On February 22, 2017, the U.S. Supreme Court held that the supply of a single component of a multicomponent invention for manufacture abroad does not give rise to liability under Section 271(f)(1) of the Patent Act, which prohibits the supply from the U.S. of “all or a substantial portion of the components of a patented invention” for combination abroad. In reaching its unanimous decision, the Court analyzed whether the term “substantial” referred to a qualitative or quantitative measure of components used in the invention.

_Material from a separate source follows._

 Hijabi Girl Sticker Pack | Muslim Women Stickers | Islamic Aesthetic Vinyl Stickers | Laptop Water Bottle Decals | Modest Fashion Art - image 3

The case at issue, Life Technologies Corp. et al. v. Promega Corp., stems from the sublicense of the patent by Promega Corporation to Life Technologies for the manufacture and sale of genetic testing kits. Life Technologies manufactured one of the five components in the U.S. where it was then shipped to the U.K. to be combined with the other four U.K. manufactured components of the kit. Promega brought suit against Life Technologies on the grounds that Life Technologies had infringed the patent by selling the kits outside the licensed fields of use to clinical and research markets. Promega alleged that Life Technologies’ supply of the U.S. component to the U.K. manufacturing facilities triggered liability under Section 271(f)(1). The jury returned a verdict in favor of Promega, however, the trial court granted Life Technologies’ motion for judgment as a matter of law, finding that Section 271(f)(1)’s mention of “a substantial portion of the components” does not cover the export of a single component of a multicomponent invention. The appellate court reversed the trial court’s judgment finding that based upon the dictionary definition of the word “substantial”, the U.S. made component is a significant component of the testing kit and therefore found that Section 271(f)(1) can apply to a single component of a multicomponent invention.

The Supreme Court reversed and remanded the appellate court’s decision, concluding that although the term “substantial” is not defined in the Patent Act and could therefore refer to either the qualitative significance or the quantitative amount of the component, the context to which the term appears indicates the meaning is quantitative. In reaching its decision, the Court examined the phrase “all or a substantial portion of the components of a patented invention” and noted that a qualitative interpretation of “substantial” would not make sense as it would render the phrase “of the components” superfluous. Once it came to the conclusion the term “substantial” is a quantitative measure, the Court went on to find that a single component cannot meet the statute because the text uses the plural word “components” and ultimately concluded that supplying a single, commodity component of a multicomponent invention from the U.S. is not an infringing act. 

Justice Sotomayor delivered the opinion of the Court, framing the matter as a case that “concerns the intersection of international supply chains and federal patent law.” The Supreme Court’s decision provides welcome news for manufacturers that supply commodities that are assembled into kits abroad as it effectively limits the exposure to liability for worldwide sales.